Ihre Kampfbereitschaft zum Erreichen eines gemeinsamen Basispreises für Milch betonten die Neu-Ulmer Mitglieder der sich bundes- und europaweit organisierenden Milcherzeugergemeinschaft "Milch-Board" bei einer Protestversammlung im Hotel Seligweiler.
Unterroth/Elchingen (mde) - Ihre Kampfbereitschaft zum Erreichen eines gemeinsamen Basispreises für Milch betonten die Neu-Ulmer Mitglieder der sich bundes- und europaweit organisierenden Milcherzeugergemeinschaft "Milch-Board" (was man auch mit "Milchgewerkschaft" übersetzen könnte) bei einer Protestversammlung im Hotel Seligweiler. Gestern Abend trafen sich die Milchbauern aus dem südlichen Landkreis Neu-Ulm im Gasthaus "Linde" in Unterroth.
Zusammen mit dem Bund Deutscher Milcherzeuger wollen die landwirtschaftlichen Gewerkschaftler verhindern, "dass den Erzeugern, denen die Milch bis zum Hals steht, von den marktbeherrschenden Lebensmittelkonzernen das Wasser vollends abgegraben wird", wie der Milch-Board-Kreisvorsitzende Martin Sauter (Ingstetten) und der Baden-Württembergische Landesvorsitzende Daniel Kießecker (Schwäbisch Hall) auf der Erzeugerversammlung betonten.

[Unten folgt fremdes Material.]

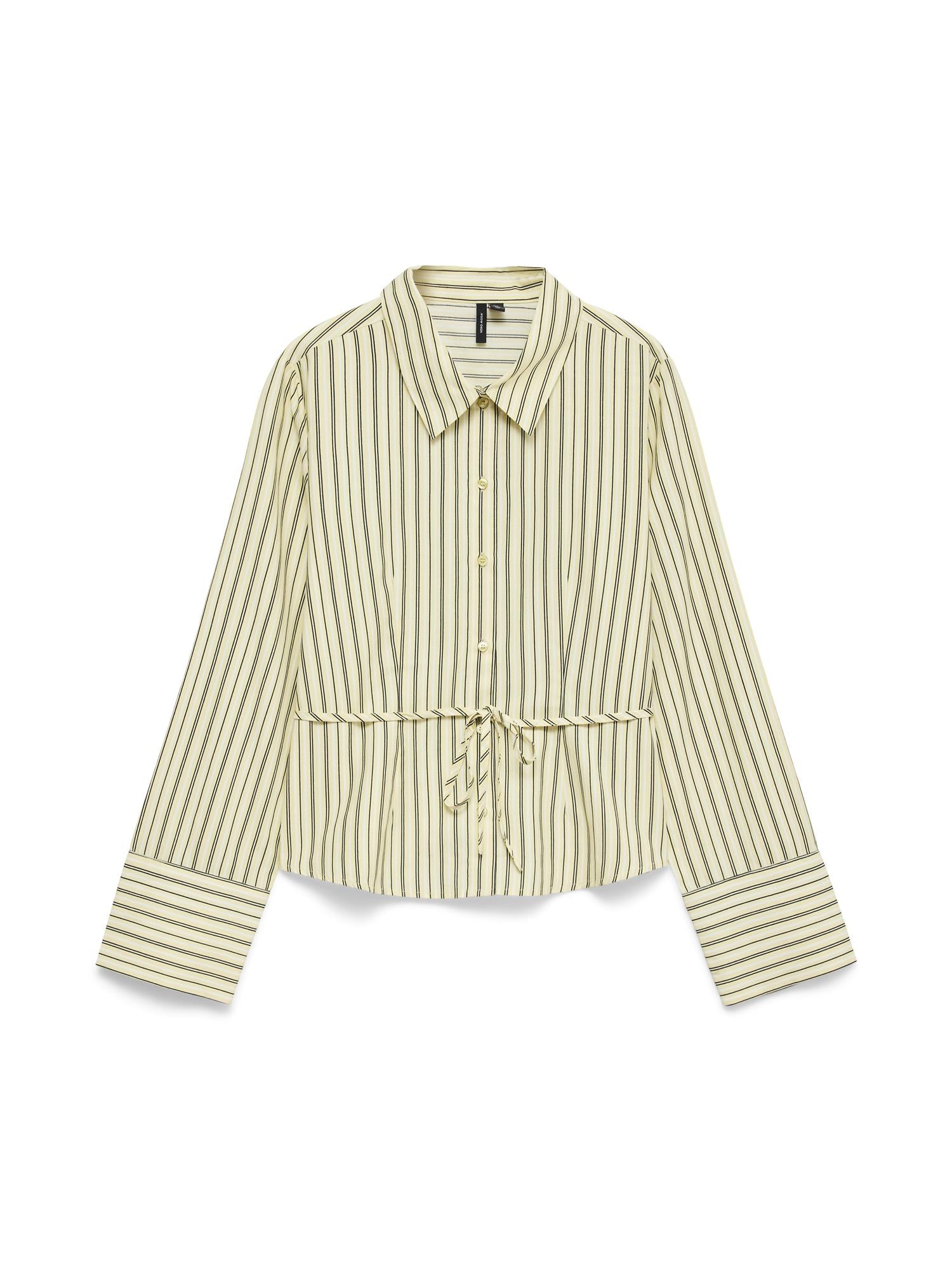 VMSiena LS Tie Shirt WVN EXP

"Wir müssen uns formieren, wir müssen losmarschieren und wir müssen selbstbewusst um das kämpfen, was für jeden Handel gilt, nämlich dass der Preis für eine Ware feststeht, bevor geliefert wird", machte Daniel Kießecker das oberste Milch-Board-Ziel deutlich. "Das Kirchturmdenken muss beendet werden, wir brauchen einen nach unten gedeckelten EU-weiten Basispreis, damit wir nicht zu Knechten der Lebensmittelkonzerne verkommen. Dieser Preis wird vom Milch-Board festgesetzt", unterstützte Martin Sauter seinen Vorredner. "Was ist der Unterschied zwischen Milch-Board und einer normalen Milcherzeugergemeinschaft (MEG)?", fragte ein Zuhörer. Eine normale MEG sei ausschließlich um die bestmögliche Vermarktung der von ihren Mitgliedern erzeugten Milch bemüht, egal ob damit die Produktionskosten gedeckt würden oder nicht. Das Milch-Board befasse sich neben der Vermarktung mit der Gestaltung der Verkaufsregeln, deren Ziel der Basispreis sei, unter dem keine Milch geliefert würde, antwortete Sauter.

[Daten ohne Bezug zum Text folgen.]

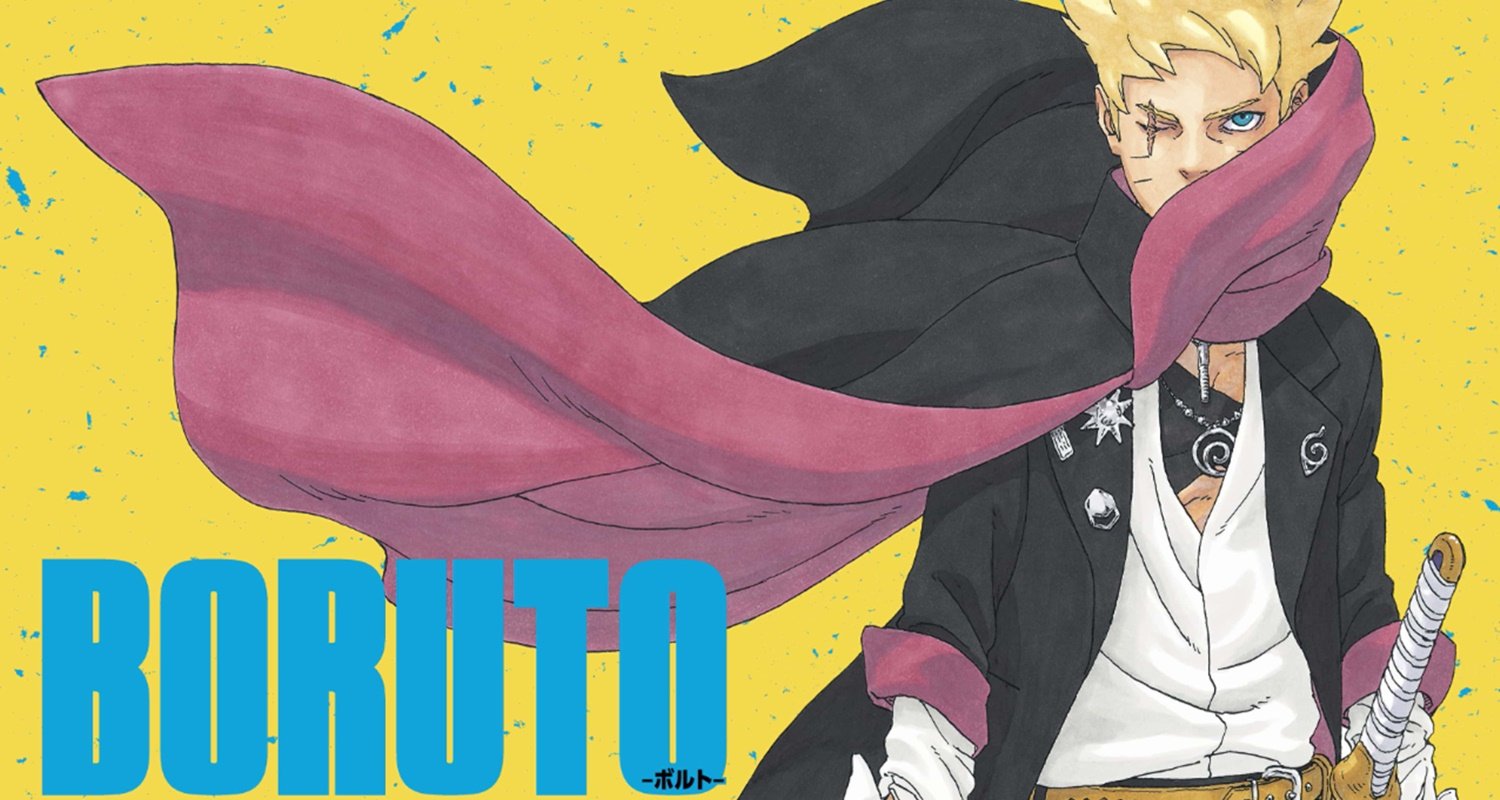 Anime BORUTO se prepara para arco de Code com nova arte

"Wir müssen europaweite Verkaufsregeln erreichen, die besagen, welcher Milchpreis mindestens erzielt werden muss, damit die Milch überhaupt dem Milchmarkt zugeliefert wird", ergänzte Daniel Kießecker.
"Die Lage ist dramatisch. Der Erzeugerpreis pro Liter liegt bei 39 bis 41 Cent. Der aktuelle Milchpreis liegt bei 26 Cent und ist weiter auf Talfahrt, teilweise ist er bereits bei 19 Cent angelangt und das trotz steigender Preise bei den Milchprodukten und horrenden Gewinnzahlen der Konzerne. Deren Marktbündelung ist europaweit abgeschlossen. Es ist höchste Zeit, dass die Bündelung der Erzeuger folgt und sich der Milchpreis an den Produktionskosten orientiert und nicht an dem, was der Handel für uns übrig lässt.
Wir sind nicht länger die Letzten in der Vermarktungskette, sondern die Ersten. Der nächste Lieferboykott wird nicht mehr landesweit, sondern europaweit erfolgen", warnte er "die globalen Preisdrücker". Mit dem Satz "Es gibt keine Alternative zum Milch-Board, Marktmacht hat derjenige, der am Markt Macht hat", schloss Kießecker die Versammlung, der eine lebhafte Diskussion folgte.